Para a roteirista e pesquisadora sobre negritude no audiovisual Carissa Vieira, o esteriótipo da Mammy enfatiza aquela mulher negra que tem sempre um sorriso no rosto para lidar com os brancos e anula a própria vida para cuidar deles. "Ela é sempre colocada em um papel de subserviência. Suas vontades, seus desejos não existem. Ela só existe para cuidar dos outros".
"No caso do BBB, vejo que Aline está na posição de cuidadora das moças brancas que estão no quarto deserto. Ela é vista como essa cuidadora das outras moças. Ela acaba em uma posição de servidão e excesso de cuidado com relação às moças brancas. E, no fim, o que é sobre ela?", complementa com a reflexão.
Aline Wirley transita entre o fogo cruzado. De um lado, o quarto Deserto, e do outro, o Fundo do Mar. Aline também transita em como se sente em relação à própria vivência na casa.

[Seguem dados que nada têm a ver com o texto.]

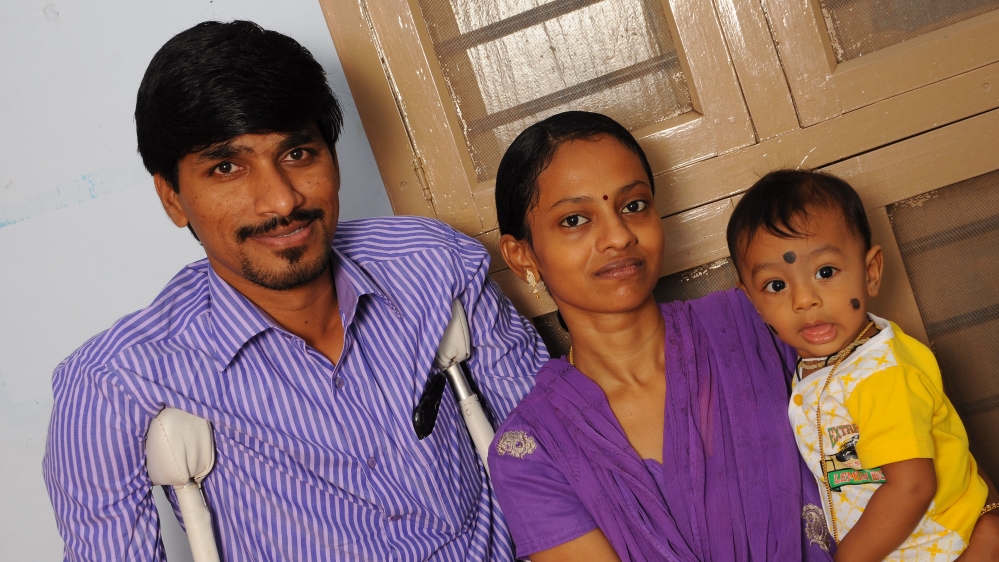 KR Raja, with his wife and child outside his home in Madurai, India [Global Network for Equality]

Em simultâneo, quando bate no peito e assume a posição de 'mammy' para as meninas do Deserto, Aline encontra momentos de refúgio para desabafar com outros participantes negros da edição.A cantora procurou Sarah Aline para conversar após presenciar Bruna Griphao ironizando uma questão racial abordada por Domitila Barros.
Em conversa no "BBB 23", Sarah confortou a ex-integrante do grupo Rouge: "Eu sei, tá difícil... eu não sei o que pensar". "Meu Deus do céu", suspira Aline, caindo no choro logo depois.
Na internet, porém, muitos telespectadores simplificam o uso do termo "mammy" como uma questão de carinho para Aline. "Mammy é uma figura importante, afinal", é o argumento dos que defendem o termo.
"Existe uma relação de carinho, mas será que se Aline discordasse das outras moças, o carinho ainda seria o mesmo? Será que Aline seria priorizada? Pessoas brancas estão acostumadas a ser prioridade. E estão acostumadas com pessoas pretas cuidando delas. A linha que separa uma verdadeira relação de carinho está aí. A relação não pode ser desigual, a pessoa preta não pode ser uma cuidadora, sem esse cuidado retornar", aponta a pesquisadora Carissa Vieira.